Problem: Exactly as written, print every line of the listing below and omit its pictures.

Exercise data:
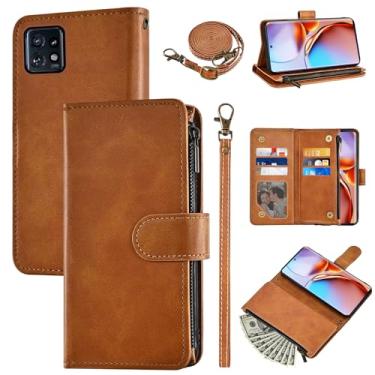 Imagem de Furiet Capa carteira para Motorola Edge+ Plus 2023/Edge 40 Pro 5G/Moto X40 com alça de pulso e alça de ombro flip de couro PU elegante 6 porta-cartões, bolso para dinheiro, acessórios para celular
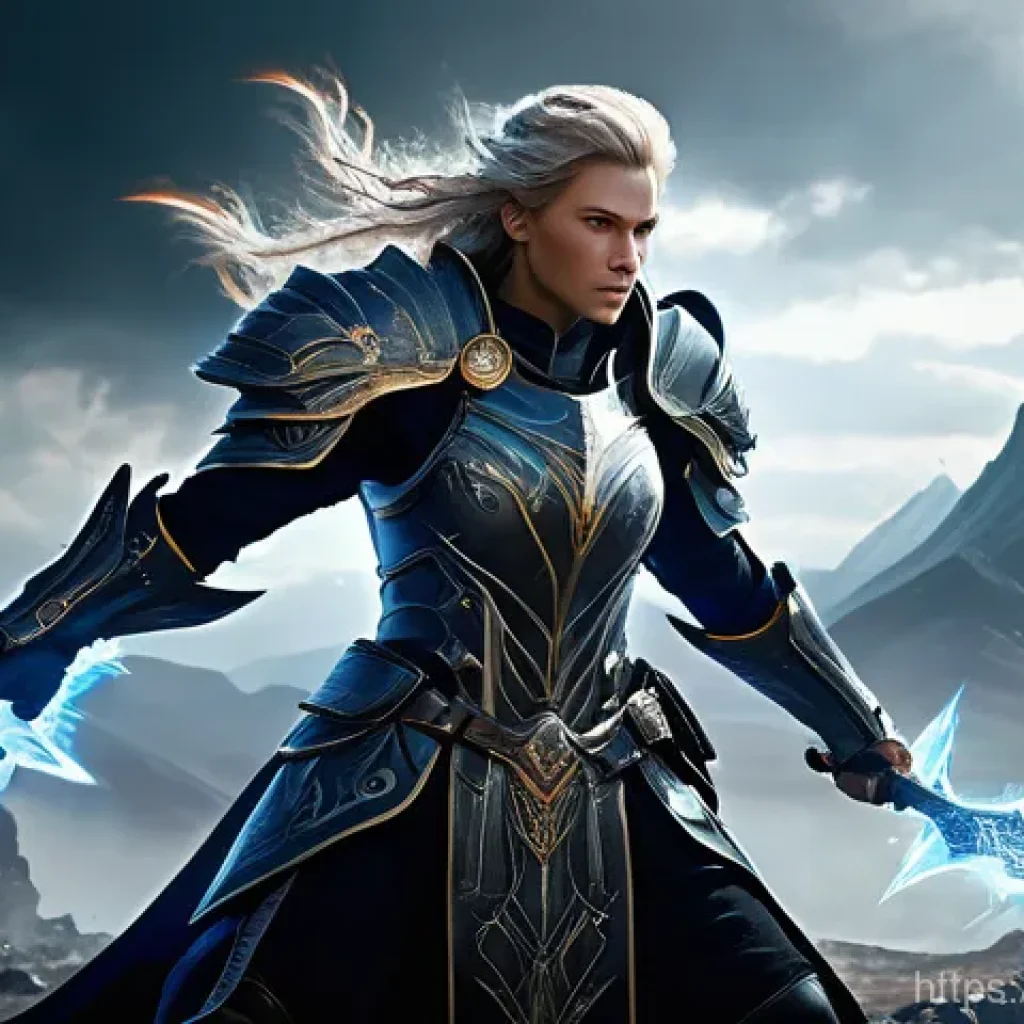 리니지 신규 클래스 소식 - A dynamic, epic full-body action shot of a powerful new class character, gender-neutral, on a fantas...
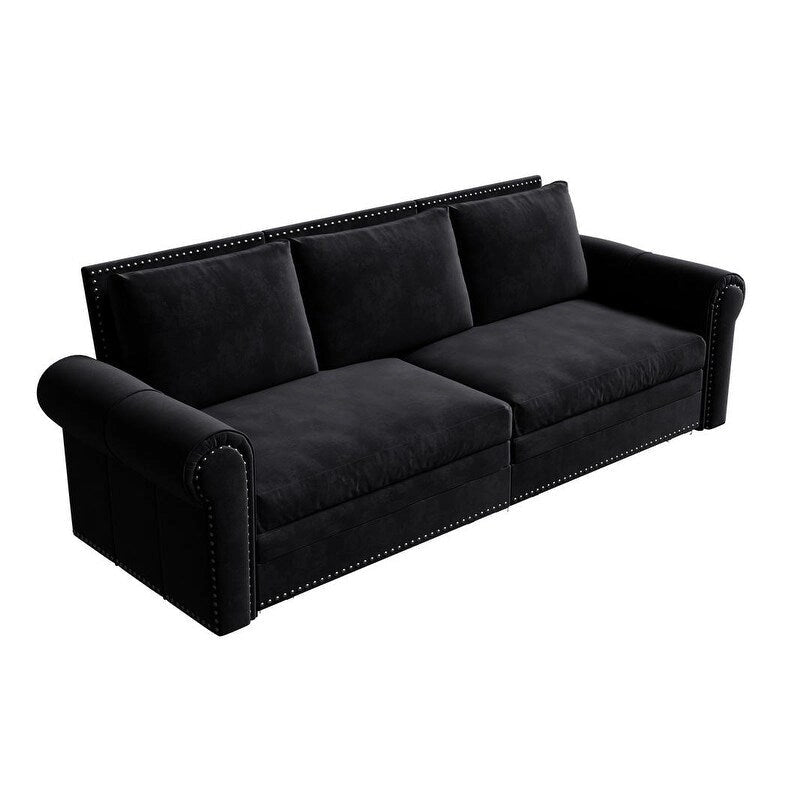 Divano letto Chesterfield estraibile a 3 posti King size, divano letto convertibile in velluto/ecopelle con finiture borchiate e braccioli arrotolati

Answer for this exercise:
 Imagem de Furiet Capa carteira para Motorola Edge+ Plus 2023/Edge 40 Pro 5G/Moto X40 com alça de pulso e alça de ombro flip de couro PU elegante 6 porta-cartões, bolso para dinheiro, acessórios para celular
 리니지 신규 클래스 소식 - A dynamic, epic full-body action shot of a powerful new class character, gender-neutral, on a fantas...
 Divano letto Chesterfield estraibile a 3 posti King size, divano letto convertibile in velluto/ecopelle con finiture borchiate e braccioli arrotolati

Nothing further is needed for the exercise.